The simulations I’ve written, designed, specified, and utilized have incorporated a number of different features. I found it interesting that I was able to describe them in opposing pairs.
Continuous vs. Discrete-Event
I’ve gone into detail about continuous and discrete-event simulations here and here, among other places, so I won’t go into major detail now. I will say that continuous simulations are based on differential equations intergrated stepwise over time. They tend to run using time steps of a constant size. If multiple events occur in a given time interval they are all processed at once during the next execution cycle. Discrete-event simulations process events one-by-one, in time order, and in intervals of any duration. They can also handle wait..until conditions. Hybrid architectures are also possible.
Interactive vs. Fire-And-Forget
Interactive simulations can accept inputs from users or external processes at any time. They can be paused and restarted, and can sometimes be run at multiples or fractions of the base speed. Examples of interactive simulations are training simulators, real-time process control simulations, and video games.
Non-Interactive or Fire-and-Forget simulations typically run at one hundred percent duty cycle for the fastest possible completion. This type of simulation is generally used for design or analysis.
Real-Time vs. Non-Real-Time
Real-Time systems include wait states so they run at the same rate as time in the real world. This means that the code meant to run in a given time interval absolutely must complete within the time allotted for that interval.
When a control system I wrote for a steel furnace in South Caroline started throwing alarms for not keeping up I used the Performance Monitor program in Windows to determine that a database process running on the same machine would consume all the execution time for a couple of minutes a couple of times a day. This prevented the simulation from running at full speed which would have caused unwanted calculation and event-handling errors. I ended up being able to install the control code on a different system where it didn’t have to compete for resources.
Non-Real-Time systems can run at any speed. Fire-and-forget systems tend to run at full speed using all available CPU resources. Interactive simulations may run faster or slower than real-time. The computer game SimCity, for example, simulates up to 200 years of game activity in a few tens of hours of game play. Scientific simulations of nano-scale, physical events may simulation a few microseconds of real activity over dozens of hours of computing time.

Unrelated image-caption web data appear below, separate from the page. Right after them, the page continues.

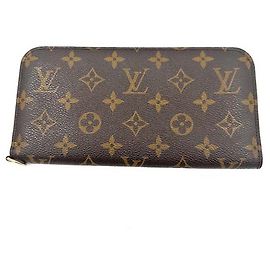 Louis Vuitton Cartera Monogram Insolite Multicolor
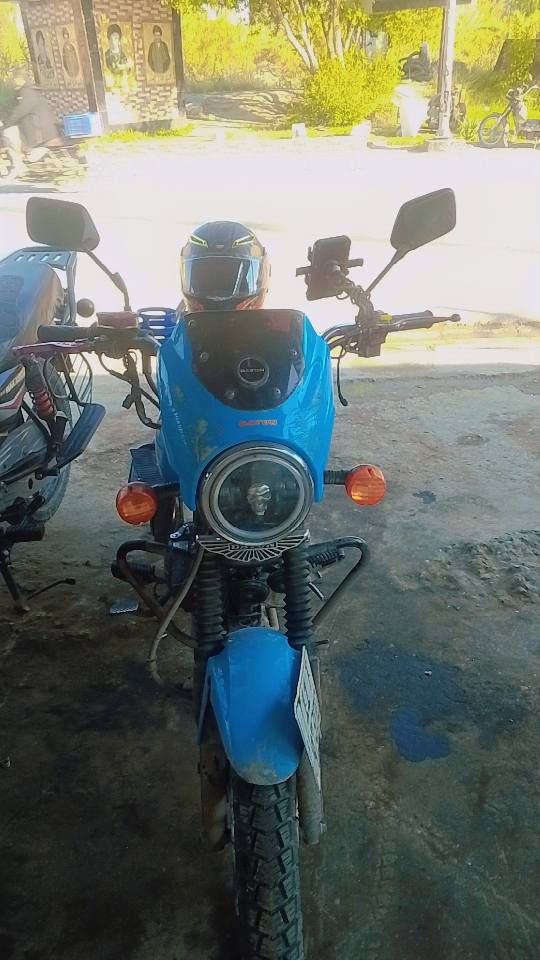 السلام عليكم للبيع دراجه دايوان موديل 2023 مرقم كامل بسمي الاحويل نفس اليوم بيه نواقص قليل للستفسار *********** واتساب فقط
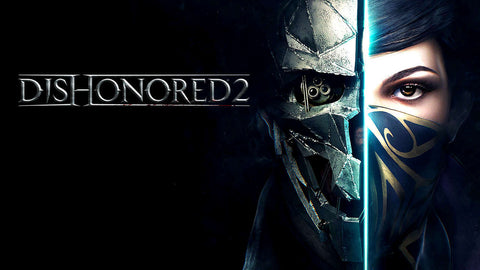 Získejte Dishonored 2 Steam Key Global za skvělou cenu na RoyalCDKeys
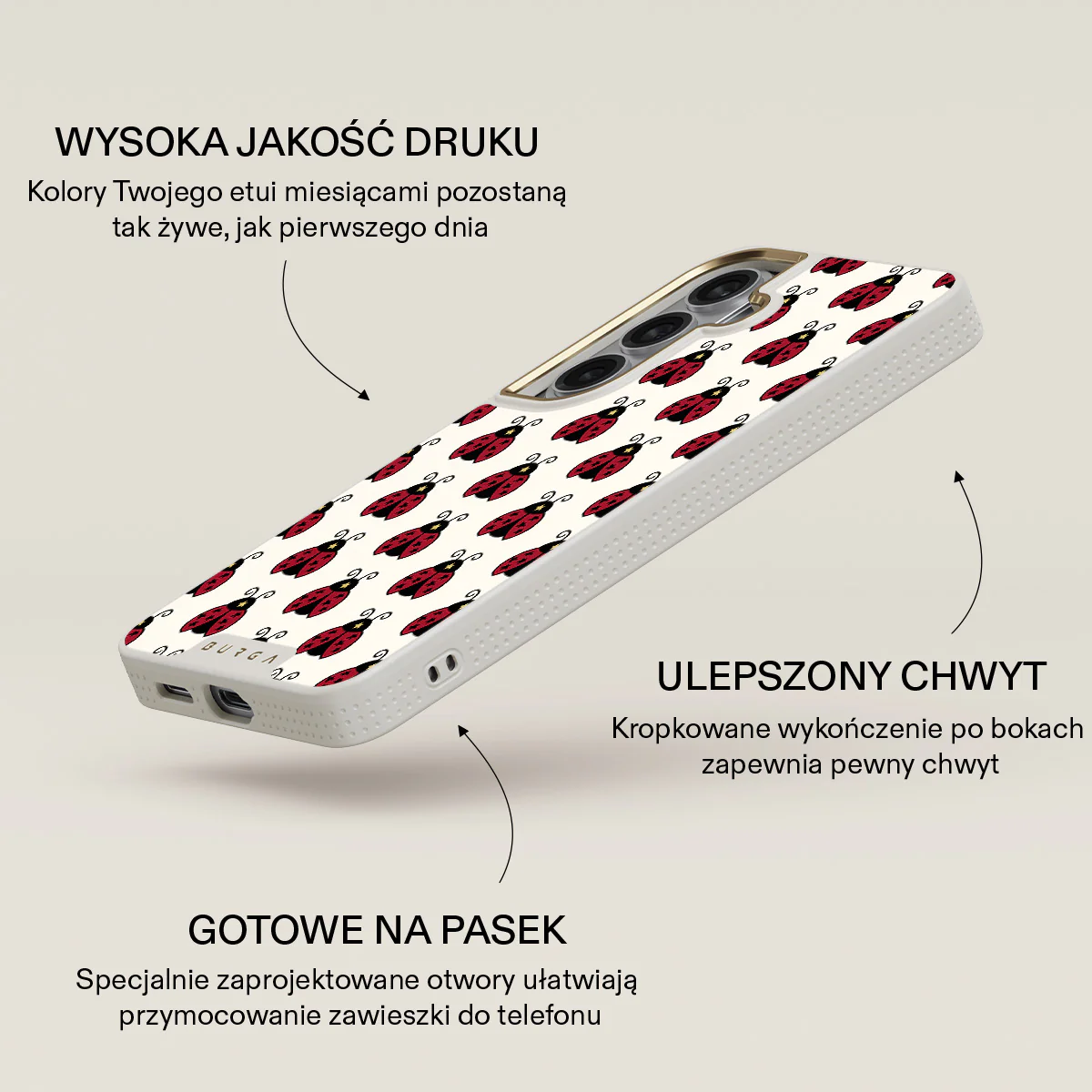 Lady Luck - Samsung Galaxy S26 Plus Etui - Image 30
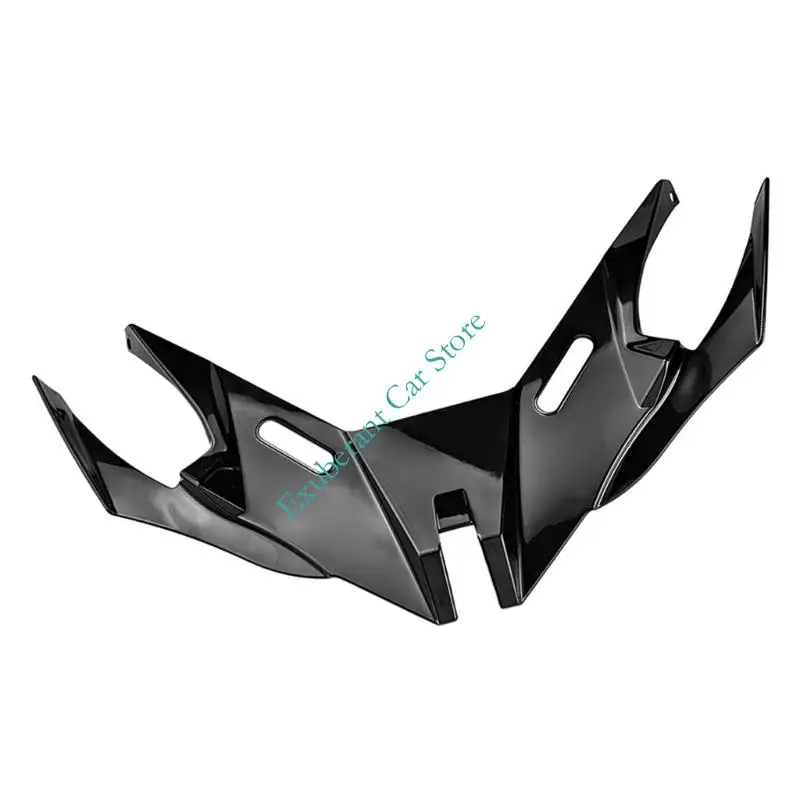 H3CE ABS جناح الهواء المفسد لتجربة ركوب سلسة مطورة 125 150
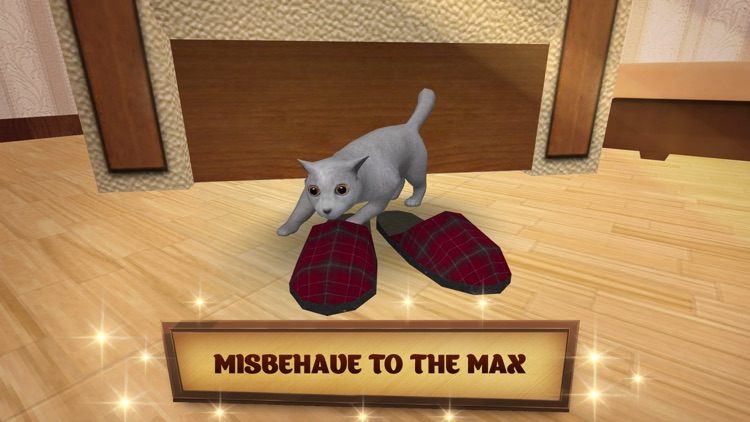 Cat Simulator 3D PRO screenshot-3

Single-Platform vs. Distributed
Single-Platform simulations run on a single machine and a single CPU. This is typical of single-threaded desktop programs.

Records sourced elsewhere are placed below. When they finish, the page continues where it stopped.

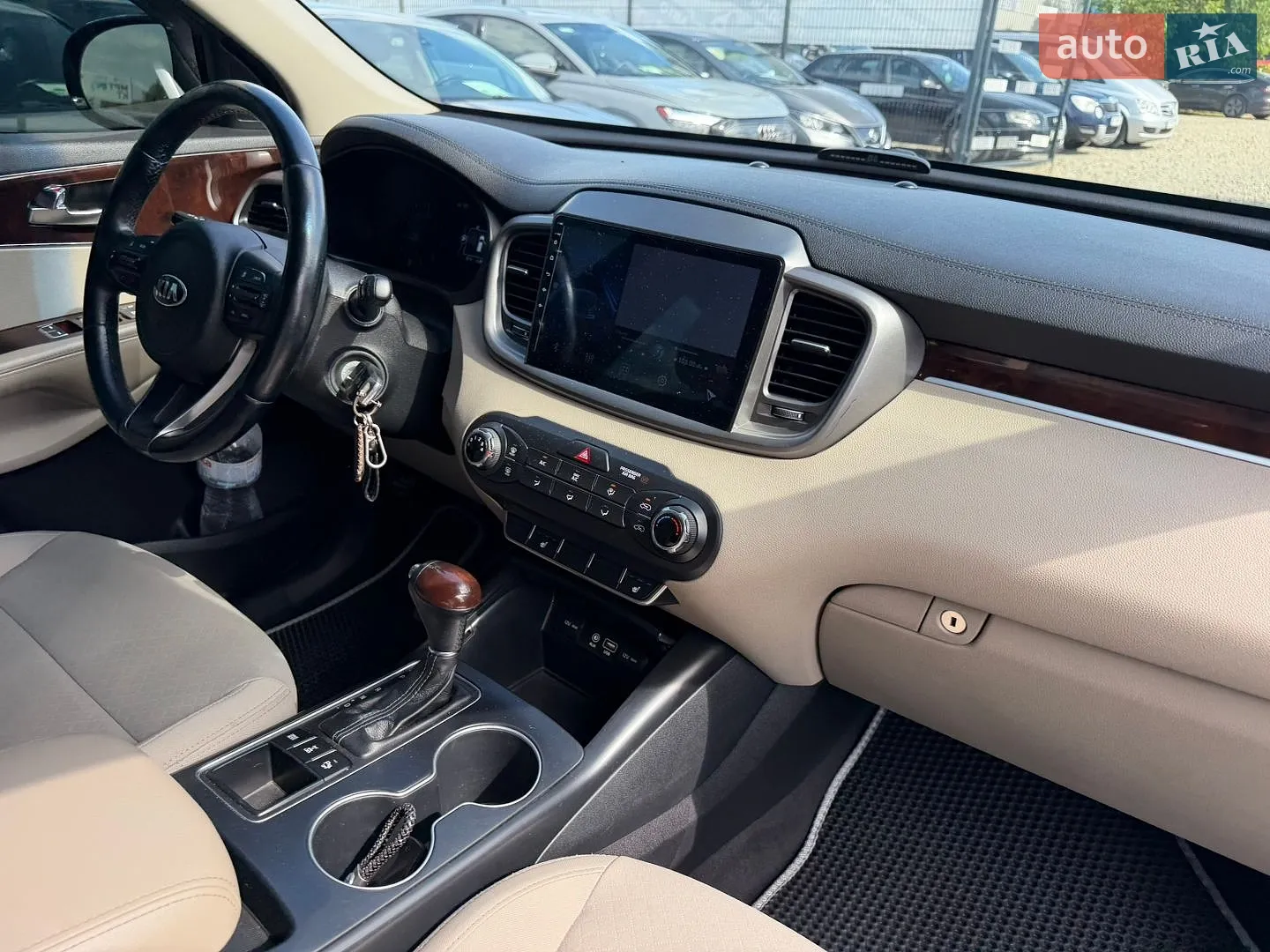2015 Kia Sorento - мініатюра 32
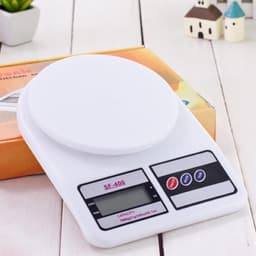 Cân tiểu ly điện tử dùng trong nhà bếp sử dụng pin( tặng kèm 2 pin) SF400 2
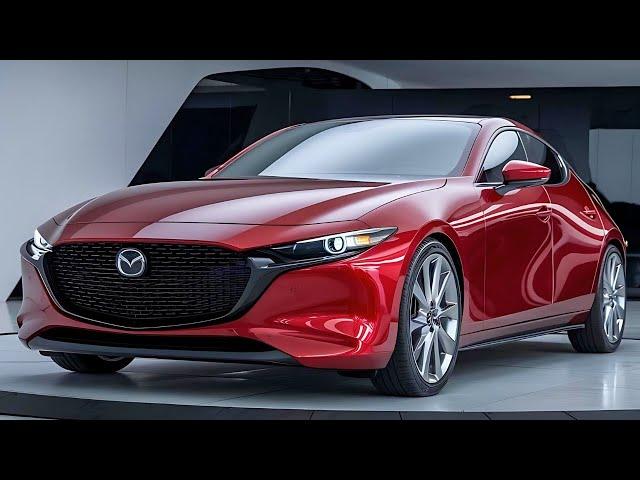 2025 Mazda 2 Sedan Review: Compact, Stylish, and Efficient! | Auto Insider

Distributed systems run across multiple CPUs or multiple machines. This arrangement invokes an overhead of communication and synchronization. I’ve written codes for several kinds of distributed systems.
The first time I encountered a multi-processor architecture was for the nuclear plant trainers hosted on Gould/Encore SEL 32/8000-9000 series computers. These systems featured four 32-bit CPUs that all addressed (effectively) the same memory.

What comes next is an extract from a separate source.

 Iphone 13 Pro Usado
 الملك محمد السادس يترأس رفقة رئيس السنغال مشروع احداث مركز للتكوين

The next time was for the real-time control systems I wrote for industrial furnaces for the metals industry. They included two different kinds of distributed processing. One involved running multiple processes on a single, time-slicing CPU, that communicated with each other using shared memory. In some ways that was like using the Gould/Encore systems. The other kind of distributed processing involved communicating with numerous other computing systems in the plant, at least one of which was itself a simulation in some cases. This kind of architecture employed many different forms of inter-process communication. The diagram below describes this kind of system, which I implemented on VMS and Windows systems.
I wrote the communication code that integrated an interactive evacuation system with a larger threat detection and mitigation system written by other vendors. It used interface techniques similar to those described above.
I did the same thing for the integration of another evacuation simulation using the HLA or High-Level Architecture protocol. This technique is often used to integrate multiple weapons simulators into a unified battlefield scenario.
Deterministic vs. Stochastic
Deterministic simulations always generate the same outputs given the same inputs and parameters. They are intended to provide point results. The thermal and fluid simulation systems I wrote were all deterministic.
Stochastic simulations incorporate random elements to generate probabilistic results. If numerous iterations are run this type of simulation will generate a distribution of results. Monte Carlo simulations are stochastic.